**TRY IT**
Exact copy, no pictures: return only the lines below from the line with "Cozy Colorblock Scarf – Double-Tone Comfort" up to and including the line with "Vintage Pyrex Blue".

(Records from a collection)
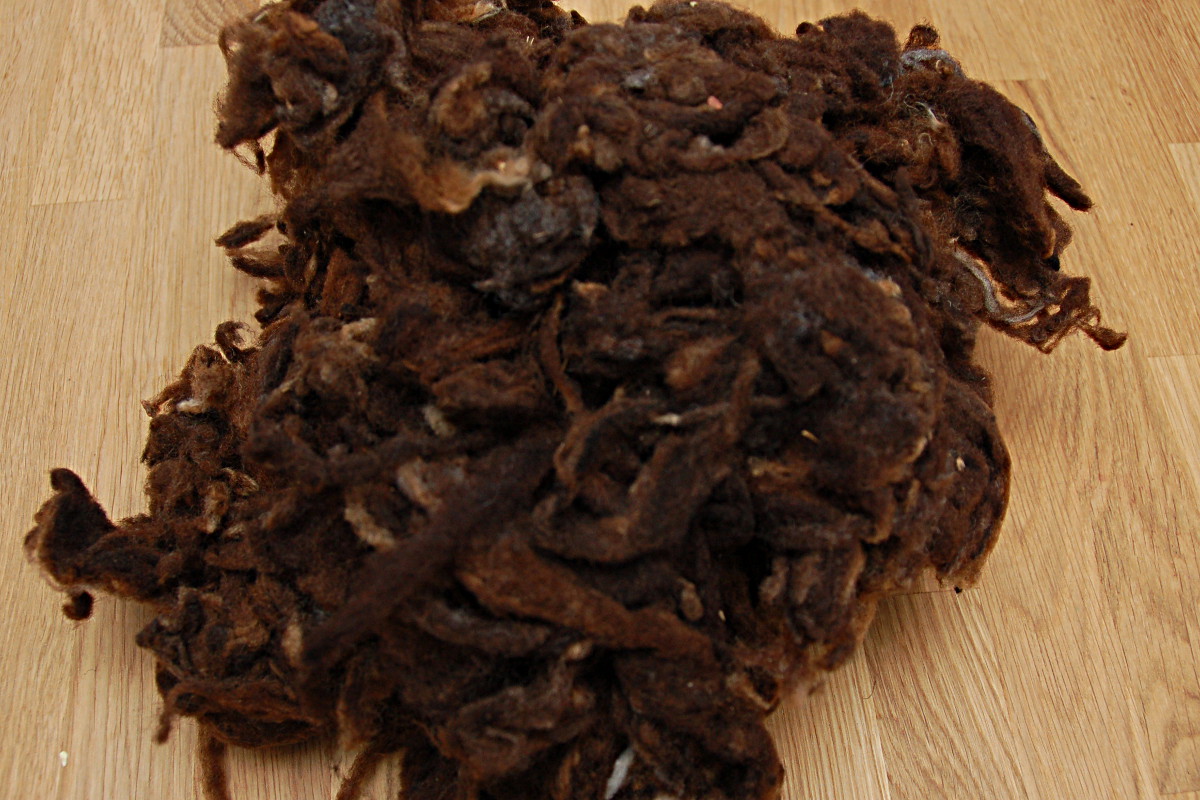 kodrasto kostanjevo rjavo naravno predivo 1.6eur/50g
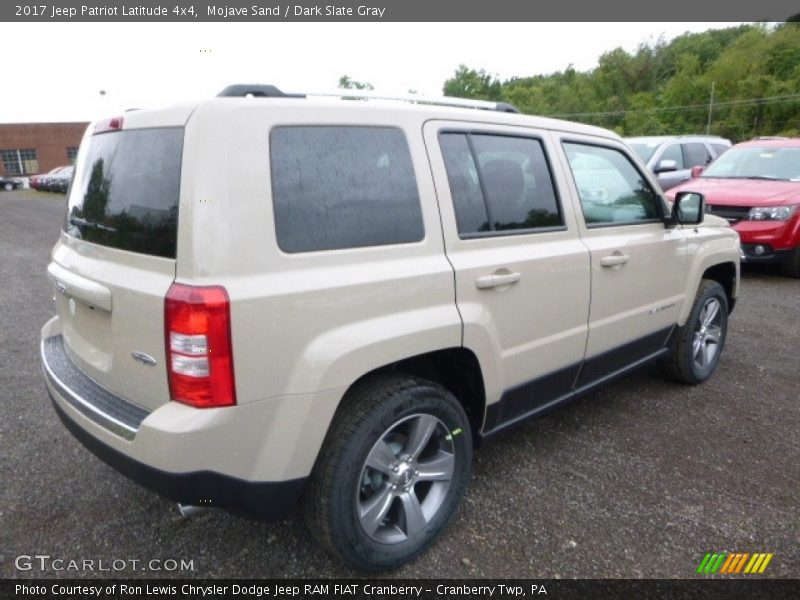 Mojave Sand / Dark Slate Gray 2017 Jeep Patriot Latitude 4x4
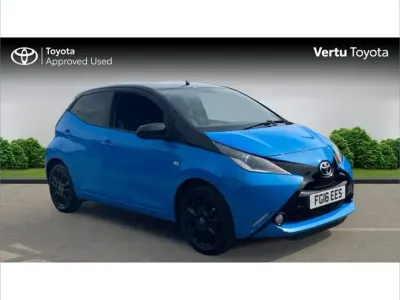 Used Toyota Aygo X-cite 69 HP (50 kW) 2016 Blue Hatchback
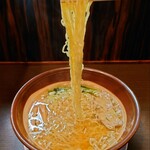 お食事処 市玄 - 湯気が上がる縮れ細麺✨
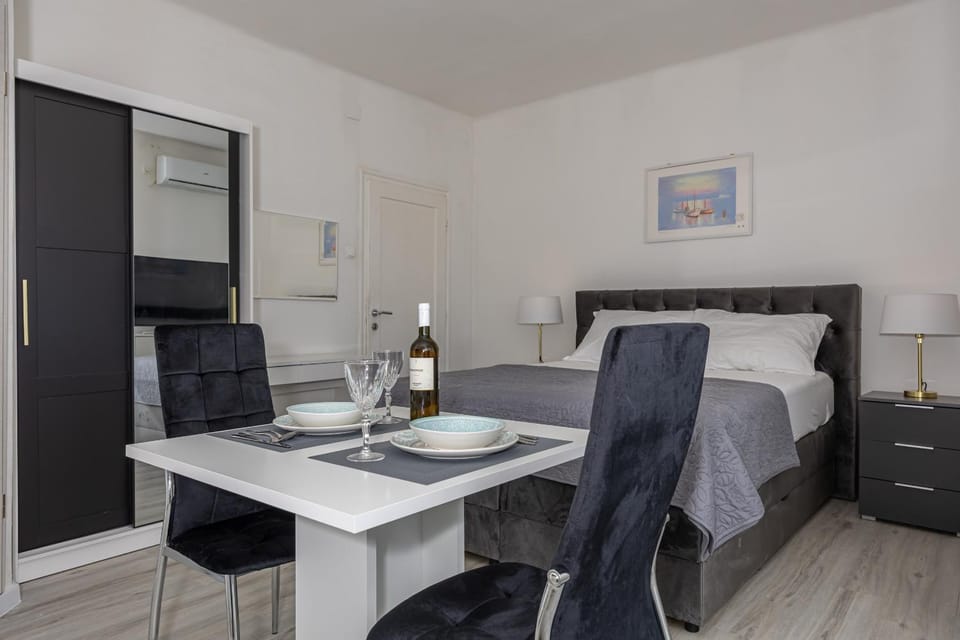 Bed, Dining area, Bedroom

---

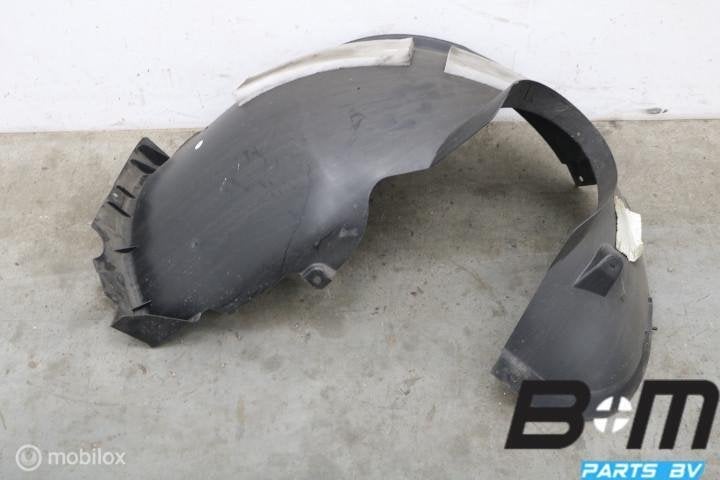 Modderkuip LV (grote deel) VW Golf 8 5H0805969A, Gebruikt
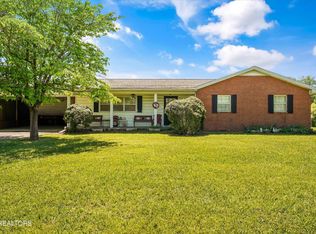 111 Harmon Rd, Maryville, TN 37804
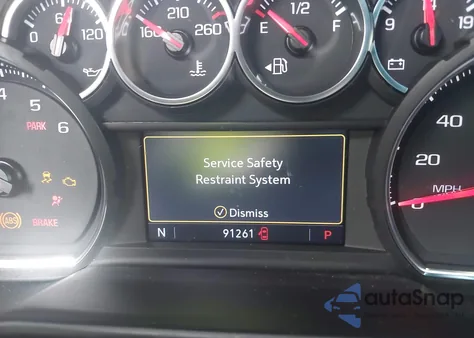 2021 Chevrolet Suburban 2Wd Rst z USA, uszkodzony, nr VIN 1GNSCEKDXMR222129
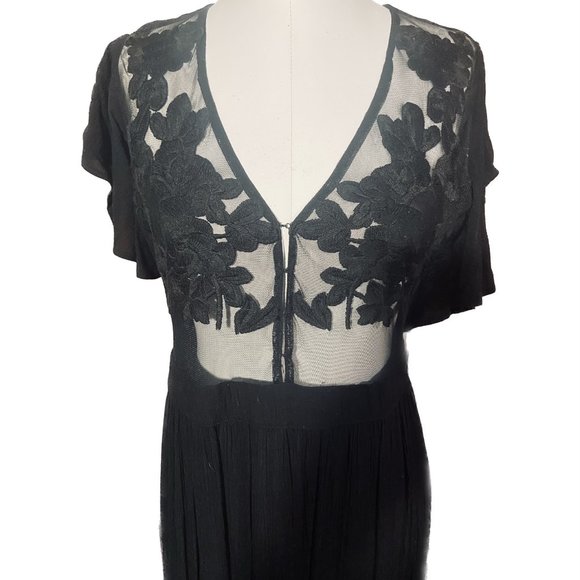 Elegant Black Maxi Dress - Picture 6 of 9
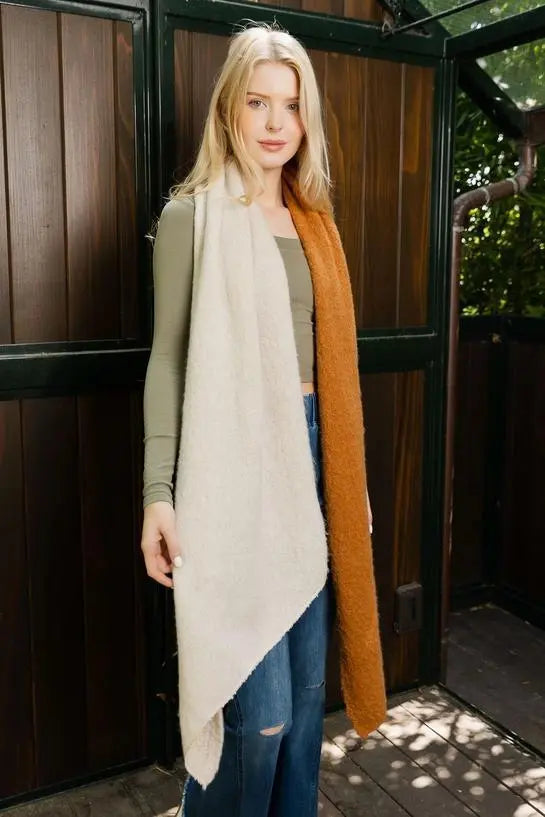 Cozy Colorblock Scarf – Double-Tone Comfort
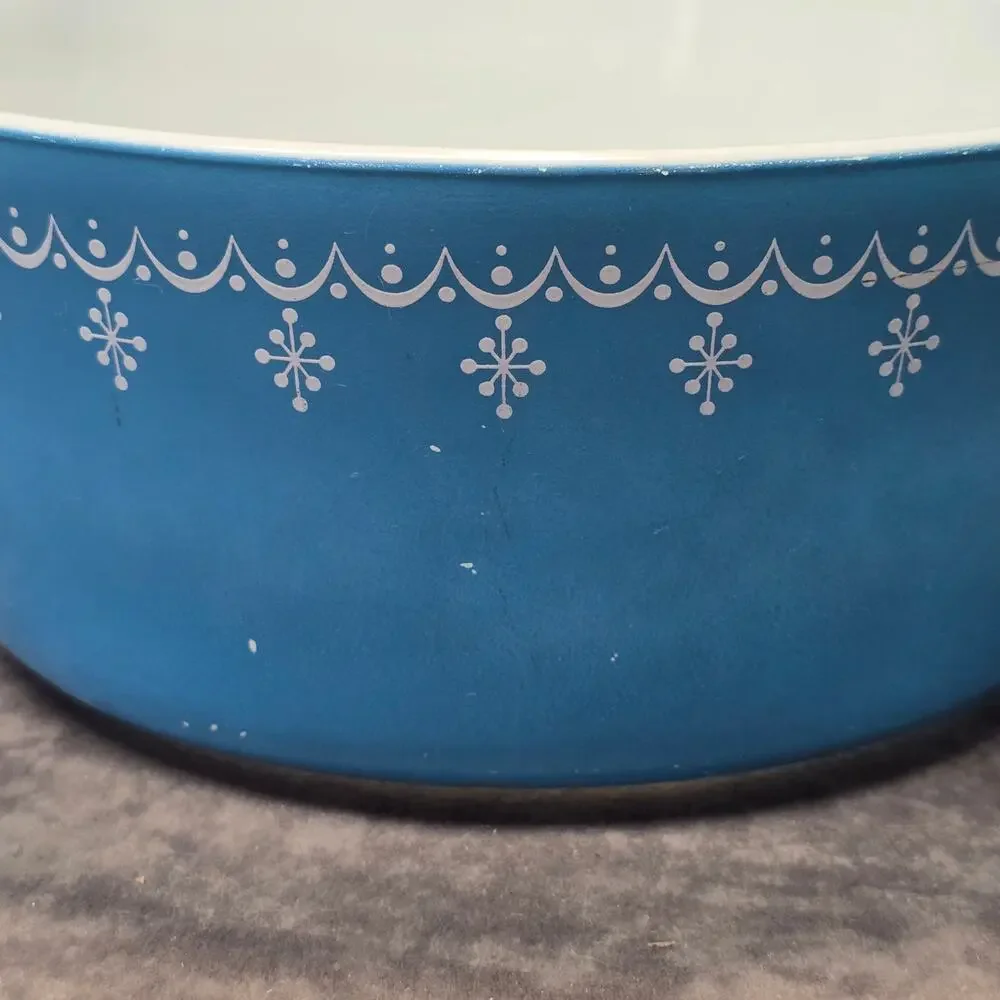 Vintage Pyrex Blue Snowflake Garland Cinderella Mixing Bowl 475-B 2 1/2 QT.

**FINISHED TASK**
 Cozy Colorblock Scarf – Double-Tone Comfort
 Vintage Pyrex Blue Snowflake Garland Cinderella Mixing Bowl 475-B 2 1/2 QT.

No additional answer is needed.